Customs duties fetched about US$27 billion in June, three times higher than in the same month of 2024, after Mr Trump levied across-the-board 10 per cent tariffs on imports in April on top of other selective duties.

On an annual basis, tariff collections have hit US$113 billion, a rise of 86 per cent over 2024.

Minimising imports doesn’t augur well for any economy

Less impressed was Mr Frank Lavin, a senior fellow at the Hoover Institution, a veteran trade negotiator and former US ambassador to Singapore.

“It is hard to fully understand Trump’s ultimate goals because at times he talks about the trade balance, at times he talks about reciprocity of tariff rates, at times he talks about reshoring American manufacturing, and at times he talks about increasing tariff revenue to the US government,” Mr Lavin said.

“There are any number of contradictions among those four goals,” he said. For instance, if the goal of high tariffs is to boost US manufacturing by disincentivising imports, tariff revenues will fall in tandem with declining imports.

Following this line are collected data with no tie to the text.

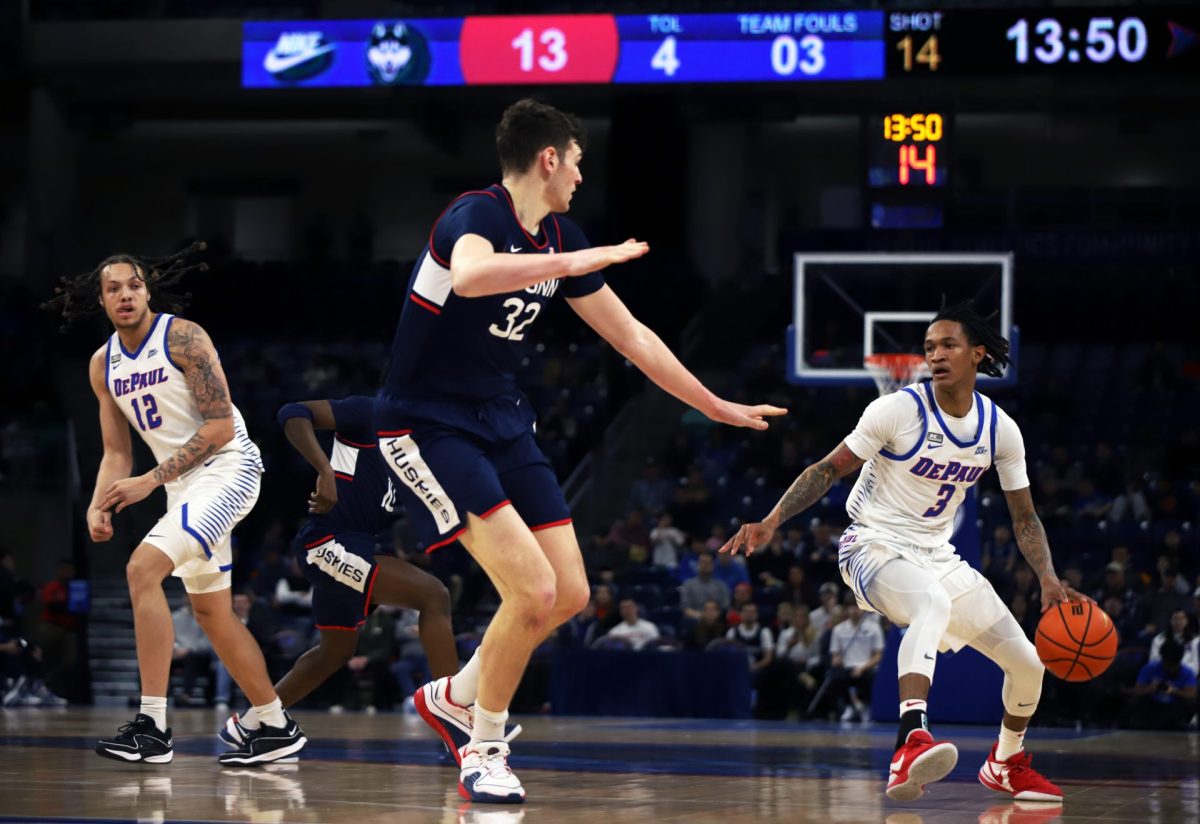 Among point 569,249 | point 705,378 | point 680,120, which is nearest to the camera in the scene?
point 569,249

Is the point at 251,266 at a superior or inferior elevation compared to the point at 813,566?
superior

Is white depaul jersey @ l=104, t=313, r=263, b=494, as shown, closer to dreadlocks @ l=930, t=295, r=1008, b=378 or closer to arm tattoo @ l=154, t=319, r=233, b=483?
arm tattoo @ l=154, t=319, r=233, b=483

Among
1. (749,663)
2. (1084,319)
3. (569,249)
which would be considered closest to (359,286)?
(1084,319)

It seems that his overriding goal is a form of mercantilism, attaining greater market access for US firms, and reducing market access to foreign firms.

“It is not clear how this will help the US economy,” he said.

Economists believe that maximising exports while minimising imports in an interconnected global marketplace does not augur well for any economy, regardless of its size. Such policies risk economic inefficiency and trade wars and shortchanging consumers.